Look through the material below and copy exactly the lines from the line with "Красная толстовка для" to the line with "Hotel Amaroossa Grande", those two lines included.

### Exercise materials:
== == ==
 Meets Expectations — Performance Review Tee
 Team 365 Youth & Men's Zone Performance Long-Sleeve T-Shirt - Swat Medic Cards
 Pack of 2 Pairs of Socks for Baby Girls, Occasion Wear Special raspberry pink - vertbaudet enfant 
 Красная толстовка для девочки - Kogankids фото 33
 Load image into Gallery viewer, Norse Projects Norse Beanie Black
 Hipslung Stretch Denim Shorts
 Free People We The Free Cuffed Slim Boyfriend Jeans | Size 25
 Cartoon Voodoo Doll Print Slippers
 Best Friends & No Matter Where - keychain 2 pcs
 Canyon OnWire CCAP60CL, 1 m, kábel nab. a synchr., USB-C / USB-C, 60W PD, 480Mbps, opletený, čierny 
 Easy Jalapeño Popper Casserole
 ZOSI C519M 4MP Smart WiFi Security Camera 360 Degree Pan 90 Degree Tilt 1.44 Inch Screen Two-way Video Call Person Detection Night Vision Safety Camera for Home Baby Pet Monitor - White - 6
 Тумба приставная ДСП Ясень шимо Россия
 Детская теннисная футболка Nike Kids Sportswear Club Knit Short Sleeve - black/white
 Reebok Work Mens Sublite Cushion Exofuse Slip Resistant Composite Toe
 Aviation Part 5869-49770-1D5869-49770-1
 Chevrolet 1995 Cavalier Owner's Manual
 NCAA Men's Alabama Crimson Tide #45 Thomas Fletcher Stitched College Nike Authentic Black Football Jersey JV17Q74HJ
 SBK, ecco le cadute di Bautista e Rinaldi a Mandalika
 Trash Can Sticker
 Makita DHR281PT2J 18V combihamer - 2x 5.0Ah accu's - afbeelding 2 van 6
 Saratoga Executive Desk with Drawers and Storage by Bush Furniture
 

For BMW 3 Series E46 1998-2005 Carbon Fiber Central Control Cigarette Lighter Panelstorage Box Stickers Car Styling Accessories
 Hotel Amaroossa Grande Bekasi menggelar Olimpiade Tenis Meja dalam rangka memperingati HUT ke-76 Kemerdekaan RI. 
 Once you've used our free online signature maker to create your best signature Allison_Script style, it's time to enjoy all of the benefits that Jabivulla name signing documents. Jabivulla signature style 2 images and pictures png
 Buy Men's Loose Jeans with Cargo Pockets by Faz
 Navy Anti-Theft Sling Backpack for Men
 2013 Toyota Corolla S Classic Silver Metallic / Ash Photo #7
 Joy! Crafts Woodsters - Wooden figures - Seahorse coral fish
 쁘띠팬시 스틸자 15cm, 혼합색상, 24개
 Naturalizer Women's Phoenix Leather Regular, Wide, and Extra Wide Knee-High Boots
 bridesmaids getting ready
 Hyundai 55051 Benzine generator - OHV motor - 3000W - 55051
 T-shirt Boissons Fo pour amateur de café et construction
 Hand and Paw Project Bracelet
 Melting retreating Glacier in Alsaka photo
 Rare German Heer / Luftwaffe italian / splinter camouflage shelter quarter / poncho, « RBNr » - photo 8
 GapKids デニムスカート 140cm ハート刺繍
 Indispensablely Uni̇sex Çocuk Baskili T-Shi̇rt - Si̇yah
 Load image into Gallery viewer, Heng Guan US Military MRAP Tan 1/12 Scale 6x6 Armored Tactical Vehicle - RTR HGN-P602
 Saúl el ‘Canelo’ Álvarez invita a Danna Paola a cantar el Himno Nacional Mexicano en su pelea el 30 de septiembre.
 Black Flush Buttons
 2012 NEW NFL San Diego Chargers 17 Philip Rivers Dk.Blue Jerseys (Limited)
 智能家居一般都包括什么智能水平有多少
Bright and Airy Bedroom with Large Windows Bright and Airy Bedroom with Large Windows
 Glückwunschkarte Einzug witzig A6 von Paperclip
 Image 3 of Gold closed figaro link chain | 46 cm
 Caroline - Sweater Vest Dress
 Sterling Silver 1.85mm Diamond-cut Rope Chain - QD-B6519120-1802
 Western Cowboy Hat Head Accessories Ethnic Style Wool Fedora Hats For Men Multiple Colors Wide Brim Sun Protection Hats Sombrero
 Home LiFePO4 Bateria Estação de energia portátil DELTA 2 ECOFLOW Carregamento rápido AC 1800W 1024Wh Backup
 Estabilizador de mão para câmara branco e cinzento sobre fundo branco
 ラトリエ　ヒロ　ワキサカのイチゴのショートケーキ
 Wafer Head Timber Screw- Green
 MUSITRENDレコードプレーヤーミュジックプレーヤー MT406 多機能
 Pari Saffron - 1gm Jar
== == ==
### Worked solution:
 Красная толстовка для девочки - Kogankids фото 33
 Load image into Gallery viewer, Norse Projects Norse Beanie Black
 Hipslung Stretch Denim Shorts
 Free People We The Free Cuffed Slim Boyfriend Jeans | Size 25
 Cartoon Voodoo Doll Print Slippers
 Best Friends & No Matter Where - keychain 2 pcs
 Canyon OnWire CCAP60CL, 1 m, kábel nab. a synchr., USB-C / USB-C, 60W PD, 480Mbps, opletený, čierny 
 Easy Jalapeño Popper Casserole
 ZOSI C519M 4MP Smart WiFi Security Camera 360 Degree Pan 90 Degree Tilt 1.44 Inch Screen Two-way Video Call Person Detection Night Vision Safety Camera for Home Baby Pet Monitor - White - 6
 Тумба приставная ДСП Ясень шимо Россия
 Детская теннисная футболка Nike Kids Sportswear Club Knit Short Sleeve - black/white
 Reebok Work Mens Sublite Cushion Exofuse Slip Resistant Composite Toe
 Aviation Part 5869-49770-1D5869-49770-1
 Chevrolet 1995 Cavalier Owner's Manual
 NCAA Men's Alabama Crimson Tide #45 Thomas Fletcher Stitched College Nike Authentic Black Football Jersey JV17Q74HJ
 SBK, ecco le cadute di Bautista e Rinaldi a Mandalika
 Trash Can Sticker
 Makita DHR281PT2J 18V combihamer - 2x 5.0Ah accu's - afbeelding 2 van 6
 Saratoga Executive Desk with Drawers and Storage by Bush Furniture
 

For BMW 3 Series E46 1998-2005 Carbon Fiber Central Control Cigarette Lighter Panelstorage Box Stickers Car Styling Accessories
 Hotel Amaroossa Grande Bekasi menggelar Olimpiade Tenis Meja dalam rangka memperingati HUT ke-76 Kemerdekaan RI. 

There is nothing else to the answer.